This codebase replicates results for pedestrian detection with domain shifts on the BDD100k dataset, following the CVPR 2019 paper Automatic adaptation of object detectors to new domains using self-training. We provide trained models, train and eval scripts as well as splits of the dataset for download. More details are available on the project page.
This repository is heavily based off A Pytorch Implementation of Detectron.
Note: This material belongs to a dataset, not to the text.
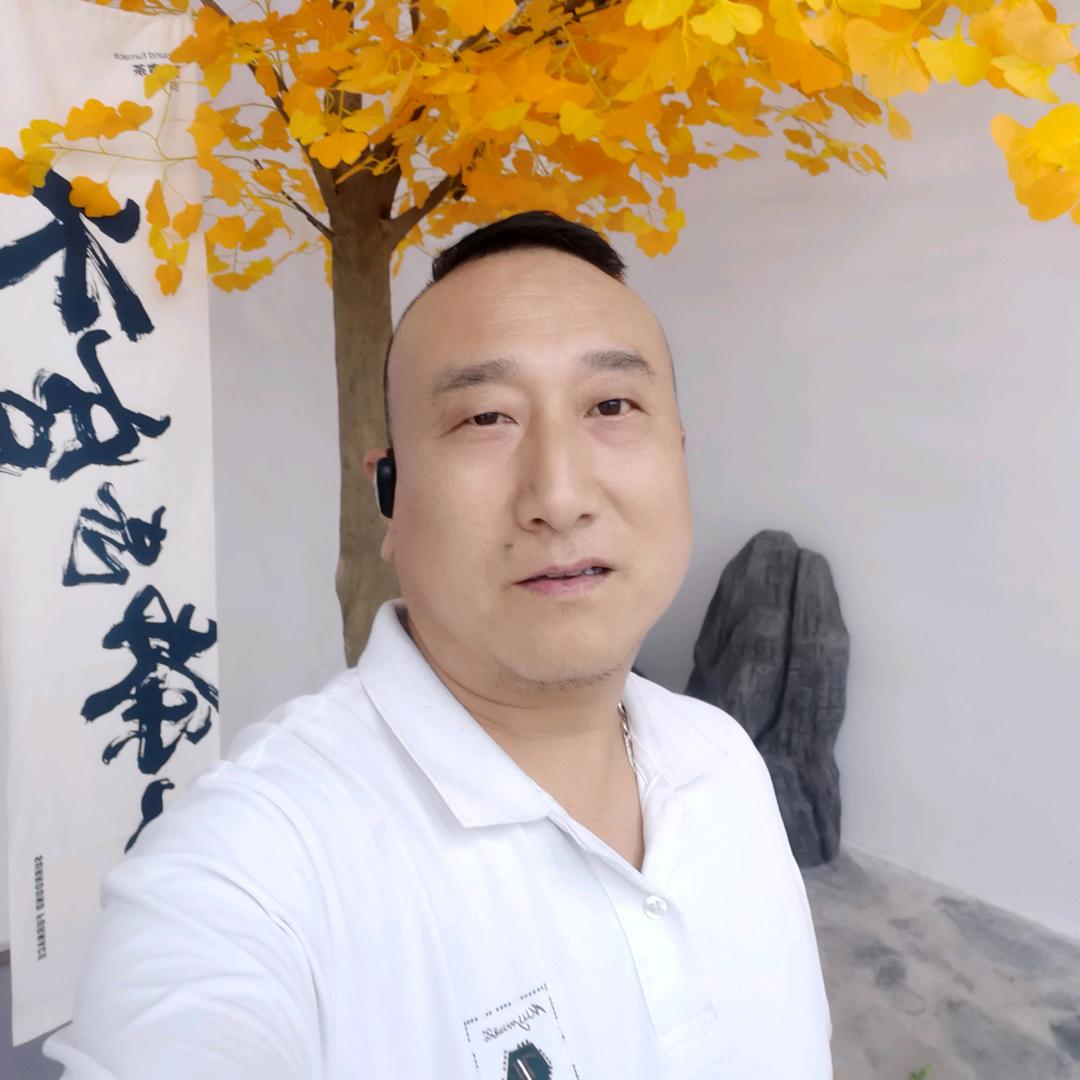 农村小哥爱唱歌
We modify it for experiments on domain adaptation of face and pedestrian detectors.
If you find this codebase useful, please consider citing:
@inproceedings{roychowdhury2019selftrain,
Author = {Aruni RoyChowdhury and Prithvijit Chakrabarty and Ashish Singh and SouYoung Jin and Huaizu Jiang and Liangliang Cao and Erik Learned-Miller},
Title = {Automatic adaptation of object detectors to new domains using self-training},
Booktitle = {IEEE Conference on Computer Vision and Pattern Recognition (CVPR)},
Year = {2019}
}
Clone the repo:
git clone git@github.com:AruniRC/detectron-self-train.git
Tested under python3.
This walkthrough describes setting up this Detectron repo. The detailed instructions are in INSTALL.md.
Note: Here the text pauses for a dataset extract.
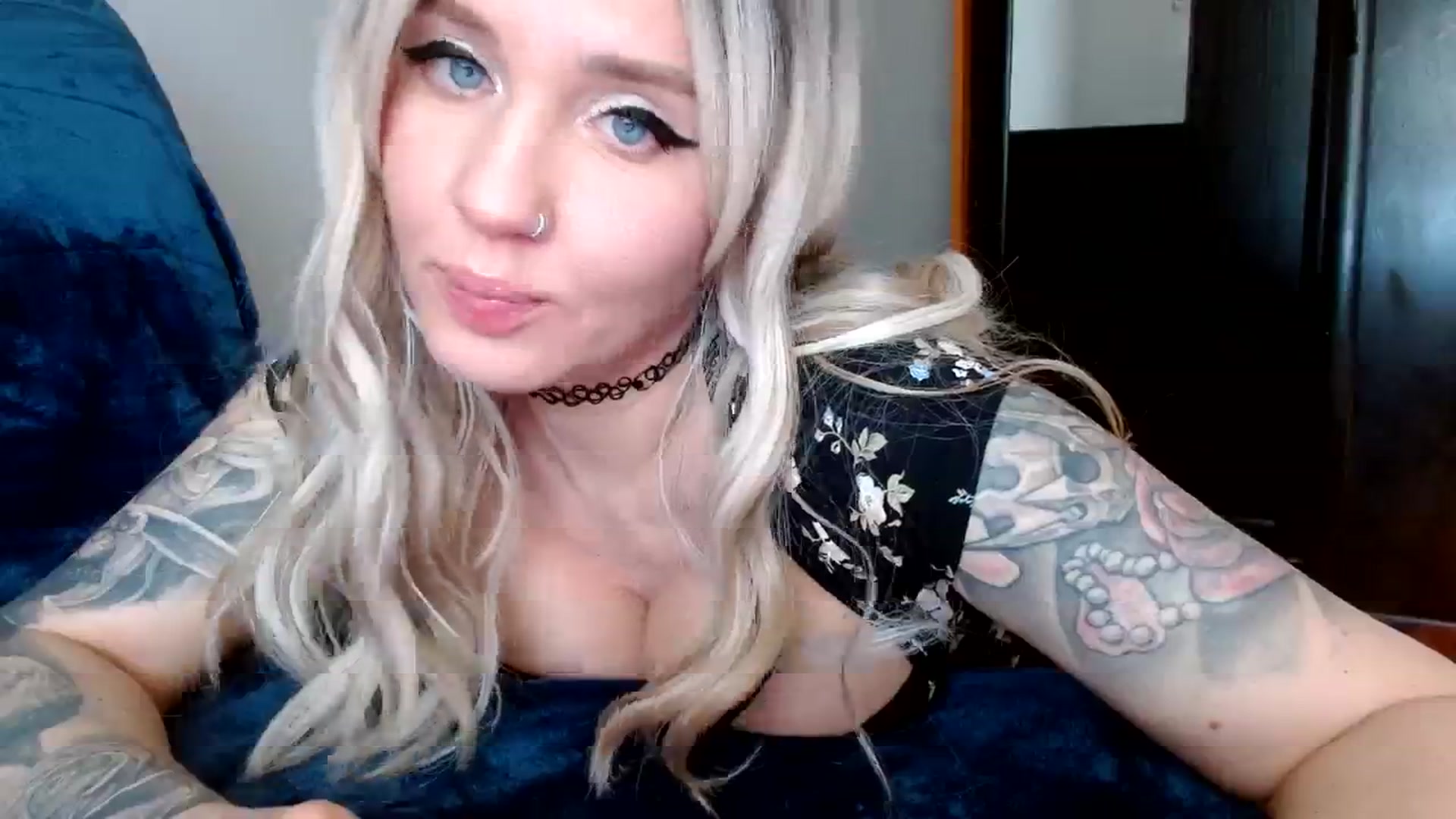 Gallery image thumbnail from AgentRabbit's myfreecams stream on, 04/13/2024, 12:18 image 8 of 20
Create a data folder under the repo,
cd {repo_root}
mkdir data
Our pedestrian detection task uses both labeled and unlabeled data from the Berkeley Deep Drive BDD-100k dataset. Please register and download the dataset from their website. We use a symlink from our project root, data/bdd100k
to link to the location of the downloaded dataset. The folder structure should be like this:
data/bdd100k/
images/
test/
train/
val/
labels/
train/
val/
BDD-100k takes about 6.5 GB disk space. The 100k unlabeled videos take 234 GB space, but you do not need to download them, since we have already done the hard example mining on these and the extracted frames (+ pseudo-labels) are available for download.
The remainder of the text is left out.